St. Diadochos of Photiki ca. 5th cent.

If we do not confess our involuntary sins as we should, we shall discover an ill-defined fear in ourselves at the hour of our death. We who love the Lord should pray that we should be without fear at that time; for if we are afraid then, we will not be able to freely pass the rulers of the nether-world. They will have as their advocate to plead against us the fear which our soul experiences because of its own wickedness. But the soul which experiences the love of God, at the hour of its departure, is lifted with the angels of peace above all the hosts of darkness. (Philokalia Vol. 1, pg. 295: On Spiritual Knowledge, 100)

St. Symeon of Emesa, Fool for Christ ca. 6th cent.

Grant her angels who will keep her soul safe from the spirits and beasts of the air, evil and unmerciful beings who endeavor to swallow up everything which comes into their midst. Lord, Lord, send out to her mighty guards to rebuke every impure power molesting her. (Leontius of Neapolis, Life of Symeon the Fool, 9; Krueger, p. 141.)

St. Columba of Iona ca. 521-597

[W]hilst the holy man was living in the Iouan island (Hy, now Iona), he one day suddenly raised his eyes to heaven and uttered the words, “O happy woman happy because of thy virtues; the angels of God are now carrying thy soul to paradise.” Now these words from the mouth of the saint were heard by a certain religious brother, a Saxon, by name Genere, who was at the moment working at his trade, which was that of a baker. And on the same day of the month, at the end of the same year, the saint addressed the same Genere the Saxon, and said, “I see a wonderful thing; behold, the woman of whom I spake in thy presence last year, now meeteth in the air the soul of her husband, a poor and holy man, and together with the holy angels engageth in a contest for it against the adverse powers; by their united assistance, and by the aid of the virtuous character of the man himself, his soul is rescued from the assaults of the demons, and brought to the place of eternal refreshment. (St. Adamnan, Life of St. Columba Bk. 3.11)

St. Gregory the Dialogist ca. 540-604

One must reflect deeply on how frightful the hour of death will be for us, what terror the soul will then experience, what remembrance of all the evils, what forgetfulness of past happiness, what fear, and what apprehension of the Judge. Then the evil spirits will seek out in the departing soul its deeds; then they will present before its view the sins towards which they had disposed it, so as to draw their accomplice to torment. But why do we speak only of the sinful soul, when they come even to the chosen among the dying and seek out their own in them, if they have succeeded with them? (Homilies on the Gospels, XXXIX, 8 [on Luke 19:42-27], PL 76, 1298D-1299D)

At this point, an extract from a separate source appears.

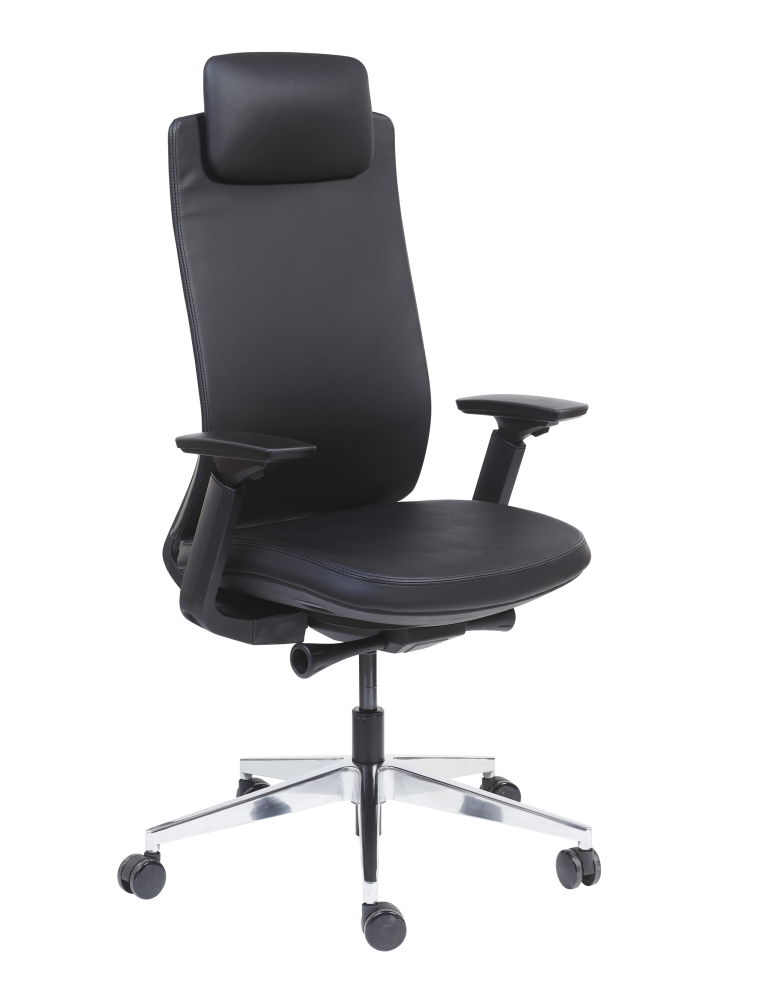 Fauteuil De Bureau Ergonomique|Alexander 7655| Sitek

St. John the Almsgiver died ca. 616

The blessed man always used to talk much about the thought of death and the departure of the soul so that on several occasions those who went in to him with a haughty bearing and laughing face and bold eyes came out from his presence with humble demeanor and a contrite face and eyes filled with tears. He used to say: ‘My humble opinion is that it suffices for our salvation to meditate continually and seriously about death and to think earnestly upon the fact that nobody will pity us in that hour nor will anyone travel with us out of this life except our good deeds. And when the angels come hastening down, in what a tumult will a soul then be if it is found unready! How it will beg that it may be allowed a further short span of life, only to hear the words: “What about the time you have lived, have you spent it well?” ‘

And again he used to say as though speaking of himself, ‘Humble John, how will you have the strength to “pass the wild beasts of the brake”, [Ps/ 68:30 = LXX 67:31, which read epitimeson tois theriois tou kalamou] when they meet you like tax collectors? Woe is me, what fears and tremors will encompass the soul when it is called to account by so many keen and pitiless accountants?’ (Leontius of Neapolis, Life of St. John the Almsgiver, 41)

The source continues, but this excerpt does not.